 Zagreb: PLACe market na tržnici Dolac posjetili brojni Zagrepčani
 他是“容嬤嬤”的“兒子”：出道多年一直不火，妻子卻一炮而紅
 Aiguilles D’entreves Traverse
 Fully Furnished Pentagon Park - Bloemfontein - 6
* * *
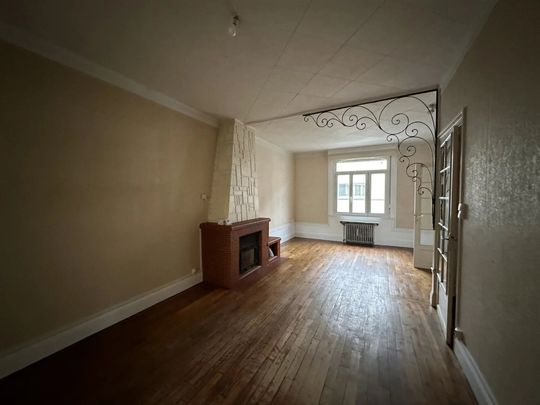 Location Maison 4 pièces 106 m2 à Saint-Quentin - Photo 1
* * *
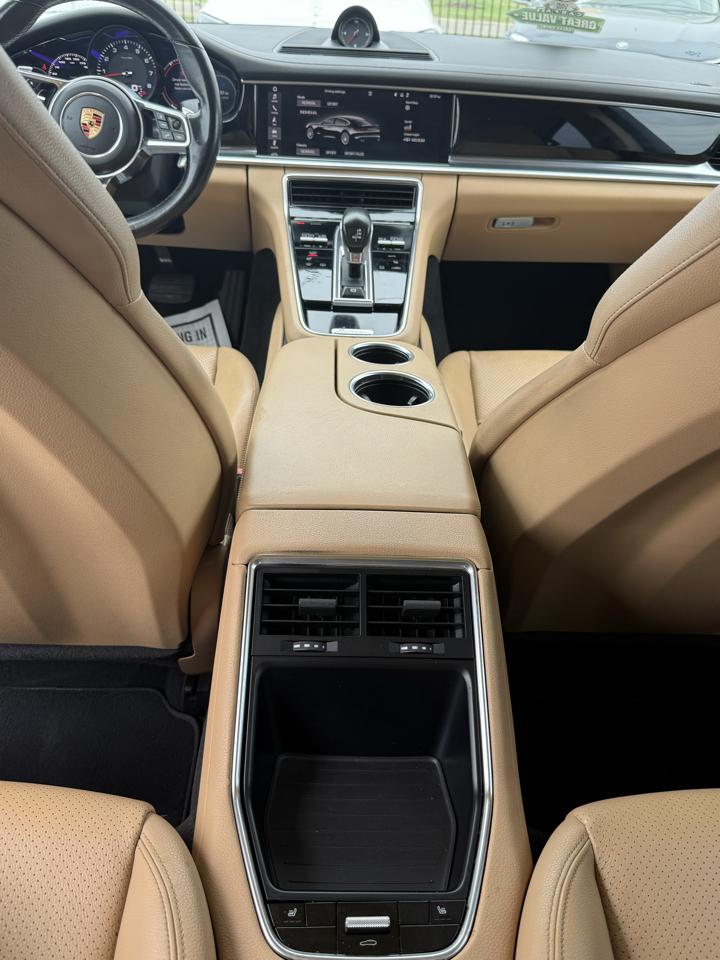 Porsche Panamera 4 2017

> **BRIEF**
Give back precisely the lines above that start at the line containing "Zagreb: PLACe market" and end at the line containing "Fully Furnished Pentagon", inclusive. No other lines belong in the output.

> **COMPLETED TASK**
 Zagreb: PLACe market na tržnici Dolac posjetili brojni Zagrepčani
 他是“容嬤嬤”的“兒子”：出道多年一直不火，妻子卻一炮而紅
 Aiguilles D’entreves Traverse
 Fully Furnished Pentagon Park - Bloemfontein - 6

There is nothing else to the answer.